Bad Baby
My friend’s baby head-butted me the other day. It was an accident of course, so I didn’t call the police or anything. This time. Mind you, it just goes to show you that all that nonsense about babies being wickle human beings is precisely that. At this age they are no more than mindless cretins, and I mean that in a nice way. Come on, if babies had any sense of self-awareness or indeed any cognitive insight whatsoever, they would surely be thinking: “Oh my God, everyone else is fully clothed and I’m sprawled on my back in the nude, peeing!”
But they don’t. They just laugh it off. In fact scientists have proved that your sense of the ridiculous doesn’t become fully formed until one day in your late thirties, when after a few blank moments you suddenly recognise the middle-aged tit in the baseball cap reflected back at you from the window of Dixon’s.
I’m not very comfortable around babies, which is precisely why my friend plonked one into my arms. Parents love to scare the daylights out of childless people this way. They say things like, “Just keep an eye on young Rooney while I do the laundry.” And while you’re thinking to yourself, ‘ok, this can’t be all that different from making sure the scones don’t burn on top,’ they follow up with a list of conflicting instructions and a car load of equipment the likes of which you’ve never seen before.
“Now, this is the steriliser. Give him his first feed at four, his second feed at half-three, then lay him down but don’t put him on his back. Or his front. And for God’s sake don’t let him turn over in his sleep.”

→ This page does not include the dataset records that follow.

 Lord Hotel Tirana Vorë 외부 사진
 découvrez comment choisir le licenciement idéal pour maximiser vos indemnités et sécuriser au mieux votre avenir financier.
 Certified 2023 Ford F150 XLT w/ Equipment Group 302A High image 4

By now you’re ignoring the instructions, which you can’t possibly begin to understand in any case, and simply concentrate on your own growing terror instead. “Why not? What happens if he turns over?”

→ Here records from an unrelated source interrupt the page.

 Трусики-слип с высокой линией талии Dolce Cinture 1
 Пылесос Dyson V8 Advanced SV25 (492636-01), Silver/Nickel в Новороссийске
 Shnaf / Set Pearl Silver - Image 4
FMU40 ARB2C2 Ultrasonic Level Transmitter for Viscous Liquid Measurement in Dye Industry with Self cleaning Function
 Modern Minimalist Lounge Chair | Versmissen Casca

“I said don’t let him turn over!”
“I didn’t! I mean I won’t! What do I feed it on?”
“The milk in the tin. Three heaped tablespoons per pound of baby, plus half an hour extra. No, hang on, that’s how you cook a chicken. Forget it, just order a pizza.”
“Really?”
“No, you moron. Read the instructions on the tin. Feed him again at nine, then at six, wake him up before you go-go, and don’t forget to burp him.”

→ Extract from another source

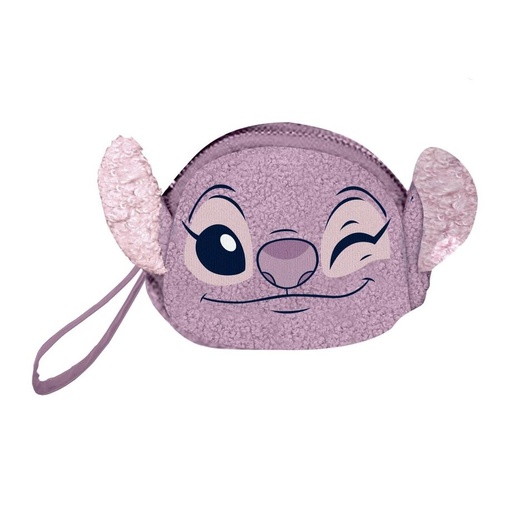 [8445484515404] Cartera Angel Stitch Disney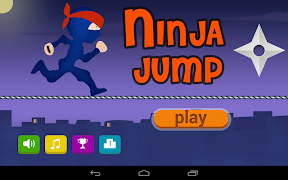 Ninja Jump 스크린샷 6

At this point you are quite beside yourself with fretfulness. “Burp him? What the f-?”
“Just pick him up and hoist him over your shoulder.”
You have a sudden recollection of watching a dwarf-tossing competition on a late-night documentary. It’s probably not altogether dissimilar, you reckon. “Should I put some blankets or something down? You know, something soft for him to land on?”
Your friend stares at you as if you have just unzipped your flies and begun a satisfying root through your own underwear. “Not all the way over, you prick. Just put him on your shoulder and pat his back until he throws up on your jumper.”
So you see why I largely avoid any possible contact with babies. My friend had this baby yonks ago and I’ve been making excuses not to see it ever since. To be honest I was hoping it would be fully grown by now. When he suggested that it was time I was introduced to his offspring, I sent him a text message that said: Gr8T! C U both in pub at 7. I hav sum old shirts at home, wot size collar is he?
Apparently it doesn’t work that way. The baby he brought over was enormous and yet, amazingly, still a baby in so many ways, specifically those ways that result in unshiftable stains.
“There you go,” he said, plonking something the size of a space hopper into my reluctant arms. “What do you think of young Rooney then?”
I didn’t know what to think. I just smiled politely and muttered a neutral, “Nice,” which is the precise same reaction my friend gave when I proudly showed off those new Gortex boot liners I got from the hiking shop.
Young Rooney gaped at me with huge, doll-like blue eyes. He gave a sweetly imbecilic smile, decided he no longer wished to control the muscles in his neck, and swiftly fell forward into my face.
“Awe, he’s kissing you!” my friend squealed.
“Nide,” I said, holding my bloody nose.